This is from a guy that works at the same site as me, I thought it worthy of copying and posting here.
Stephen tells us how he survived a serious cycling accident.
What is your involvement in the world of cycling?
Cycling is my passion! As a cycling coach, master qualified bike frame builder and former competitive cyclist, I’m familiar with most things on two wheels. I have helped administer anti-doping controls for the national British Cycling Federation and I am a former National Commissaire.
I usually cycle the 20 mile return journey from my home in Preston into work every day.

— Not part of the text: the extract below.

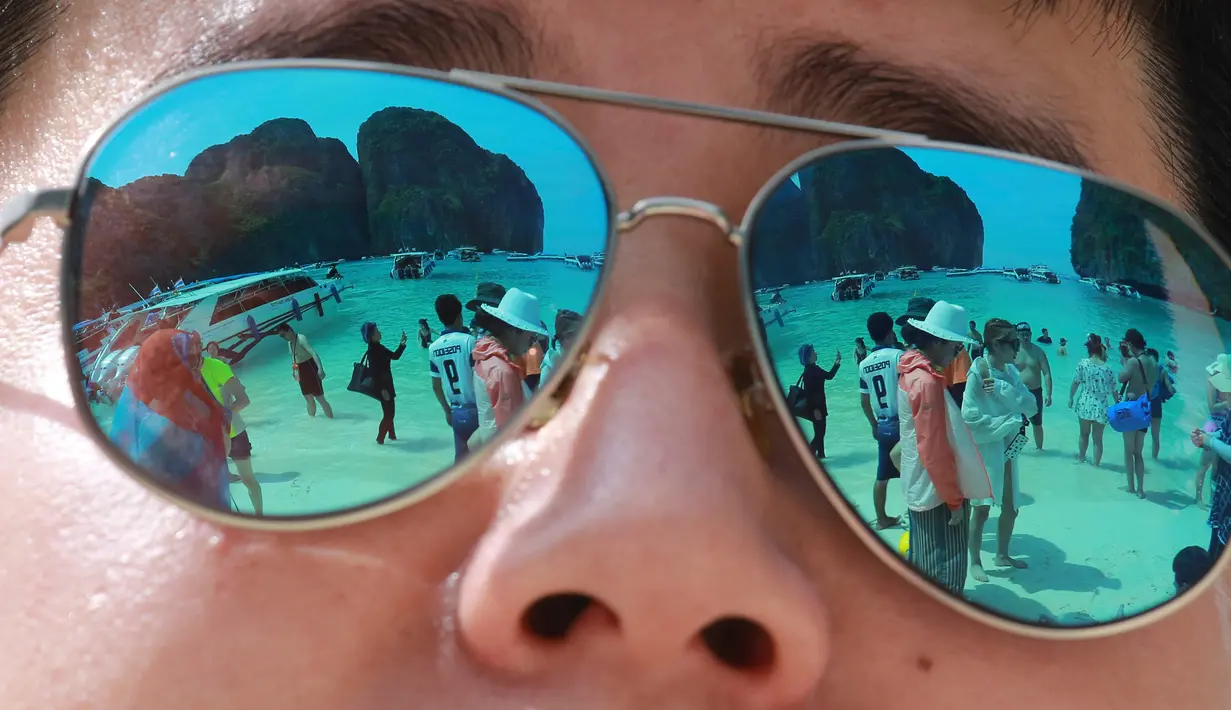 Refleksi wisatawan yang menikmati Maya Bay terlihat dari sebuah kacamata di pulau Phi Phi Leh, Thailand, Kamis (31/5). Salah satu destinasi wisata tempat syuting film The Beach ini  akan ditutup selama empat bulan mulai 1 Juni. (AP Photo/Sakchai Lalit)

What happened to you in you In July?
I was cycling home and decided to take a scenic route, taking the quieter back roads when I felt my bike suddenly jolt to the left.
I can’t remember anything from that point. I know there were no other vehicles involved, so I assume I must have struck a stone in the roadway and came off. The next thing I remember were the voices of the Air Ambulance paramedics . . .

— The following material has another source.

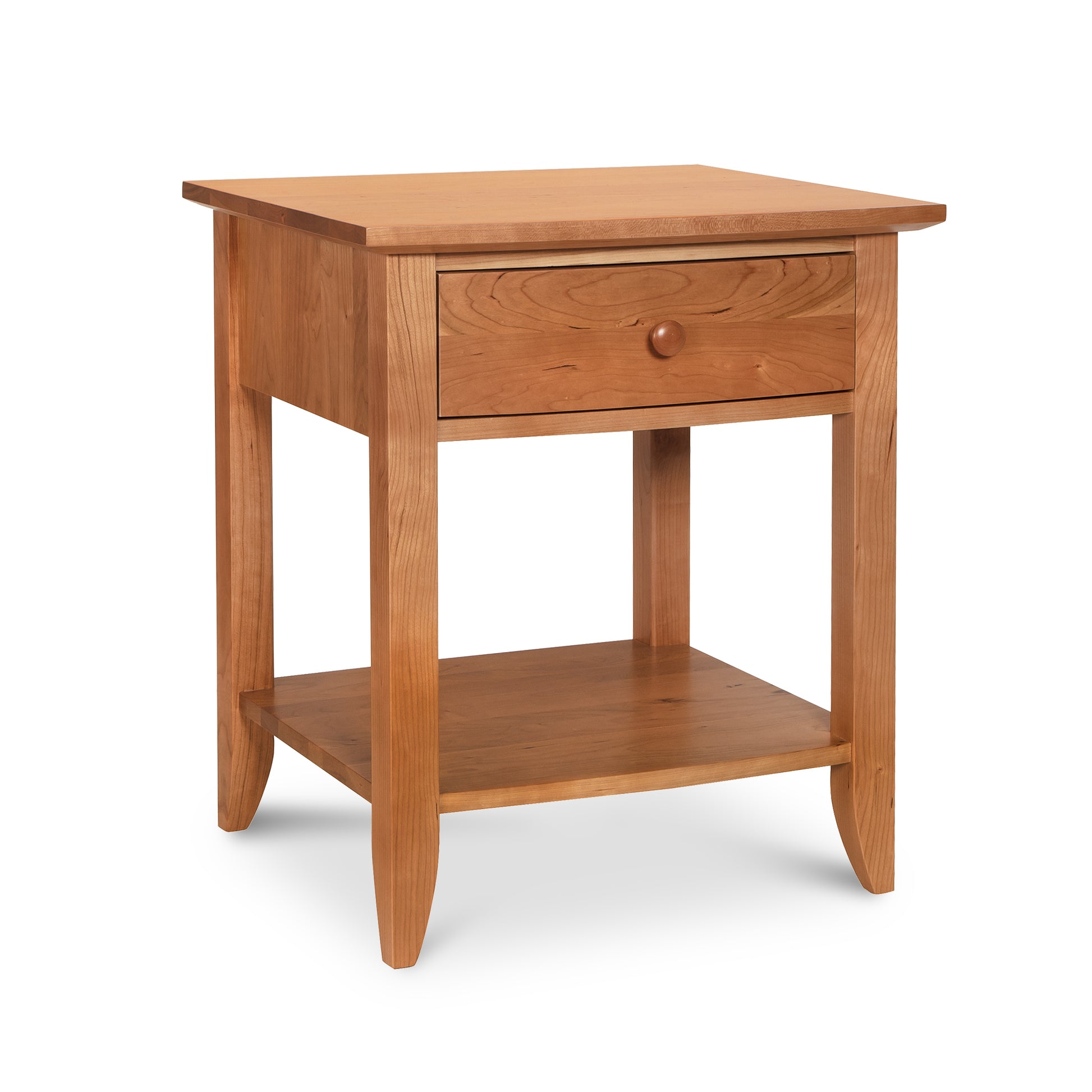 A Lyndon Furniture Bow Front 1-Drawer Open Shelf Nightstand with a drawer on top.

The police estimated that I had lain unconscious on the ground for around 20 minutes before a passing cyclist found me and raised the alarm. I had sustained life threatening injuries. My ankle was cracked and my hip severely bruised, but the worst was my breathing. I had fractured two ribs both at the front and back in the accident; one of which had punctured my lung which caused severe internal bleeding. The paramedics had to act on the roadside by putting two holes in my chest to relieve the pressure and let the air escape. It was pretty grim.
But at least I was alive. Had I not been wearing my helmet, I would have been killed for sure. My helmet saved my life; there is no question about that. The large crack you can see in my protective headwear could have been my skull. I’m very, very lucky even to be here.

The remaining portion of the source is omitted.